Tracing crop residue N into subsequent crops: Insight from long-term crop rotations that vary in diversity

Diversified grain crop rotations have shown yield advantages, but it is unclear if this is related to improved N supply. Crop residue-N supply could be an important driver of differences observed in contrasting crop rotations. To address this, we focused on a long-term field trial near Guelph Ontario that compares different grain crop rotations and tillage practices. We hypothesized that diversified crop rotations increase the transfer of residue-derived N to subsequent crops. From 2017 to 2018, we used a ¹⁵N technique to measure N turnover in a simple corn and soybean rotation compared to a diversified rotation where winter wheat and red clover were included.
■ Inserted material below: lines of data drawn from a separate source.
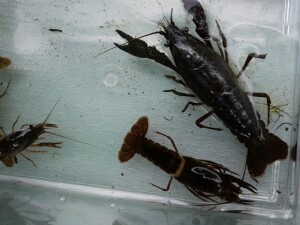 27B95D95-0BA3-4048-8C75-243C79381296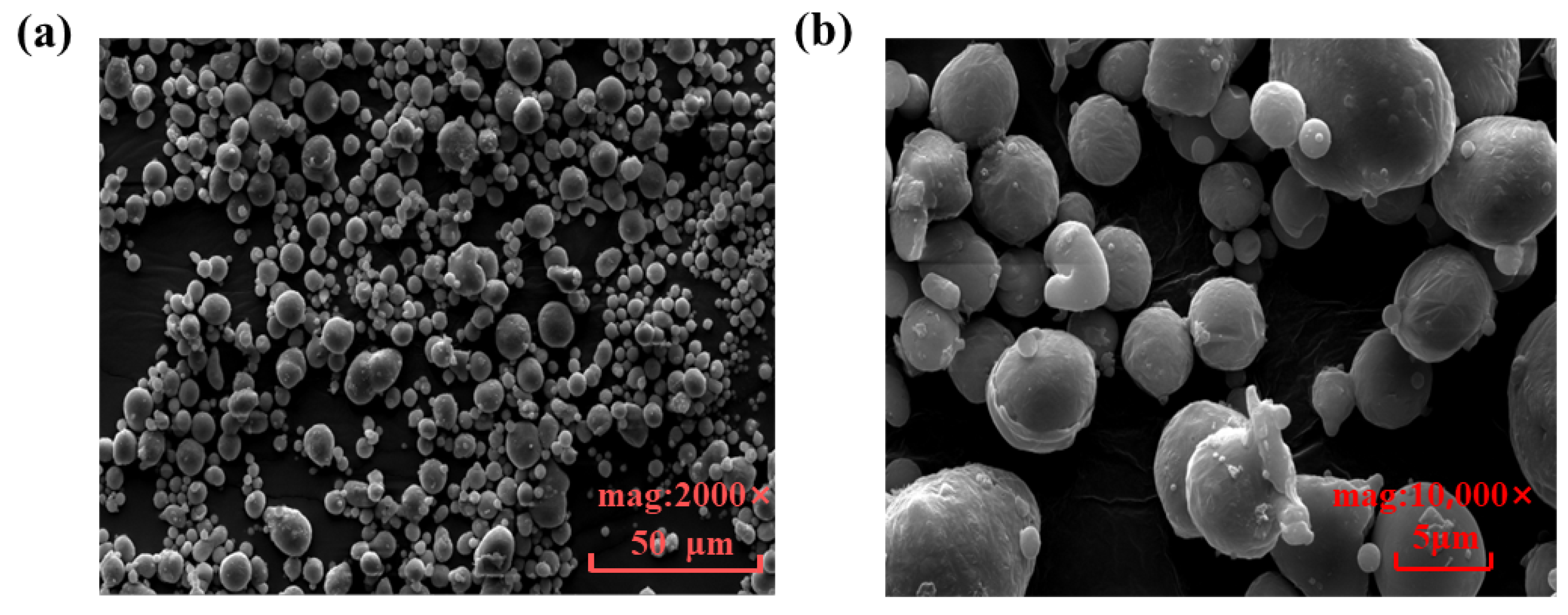 Nanomaterials 14 00060 g003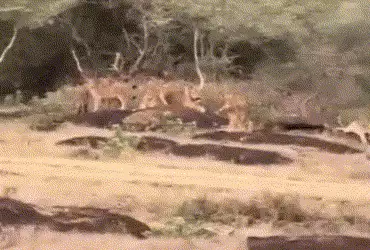 VIDEO : ગીર નહીં પોરબંદરમાં સાવજોનો વસવાટ! બરડા ડુંગર પાસે એકસાથે 11 સિંહ દેખાયા
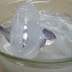 สูตรการทำขนมบวดลูกตาล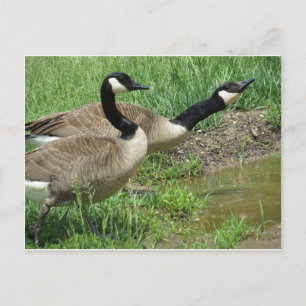 Postal Geese En Puddle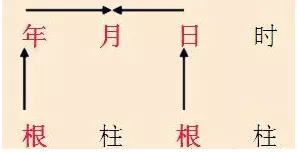 八字怎么看财运旺衰时间_八字中的衰代表什么_八字衰旺排盘查询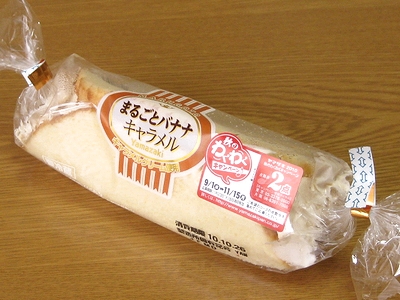 f:id:sa_to_e:20101028211215j:image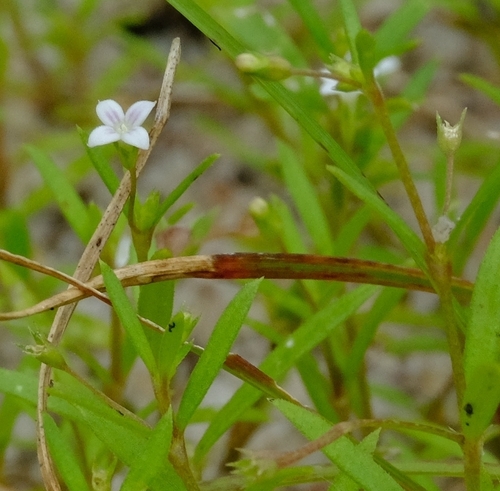 Oldenlandia capensis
Although crop yields were greater in the diverse vs. simple rotation, the long-term rotation had no impact on crop residue N turnover to the subsequent crop—a finding that did not support our hypothesis. The recovery of above- plus below-ground residual-N by the subsequent crops varied by crop type and sequence: 9.7–13.5% of corn residue-N was recovered in the soybean seed, 26 % of soybean residue-N was recovered in the corn grain, and 30 % of winter wheat/red clover residue-N was recovered in the corn grain. Below-ground residue-N recoveries in subsequent grain or seed were 4- to 10-times greater than above-ground residues; in terms of the total contribution, below-ground residue-N supplied 8- to 18-times more N than above-ground residues. Indigenous soil N or fixed N were principal contributors to crop N uptake; more so than the crop residues or fertilizer combined. At this site, an accumulated legacy of N fertilizer applications is likely responsible for building a soil N reservoir for crop production, explaining yield benefits observed by diversifying the rotation—but also masking any effect that diversification may have on residue-N turnover and subsequent crop N uptake. To improve N use efficiency, diversifying crop rotations should be accompanied with reduced N fertilizer applications, and better account for below-ground residual N pools as well as legume N inputs.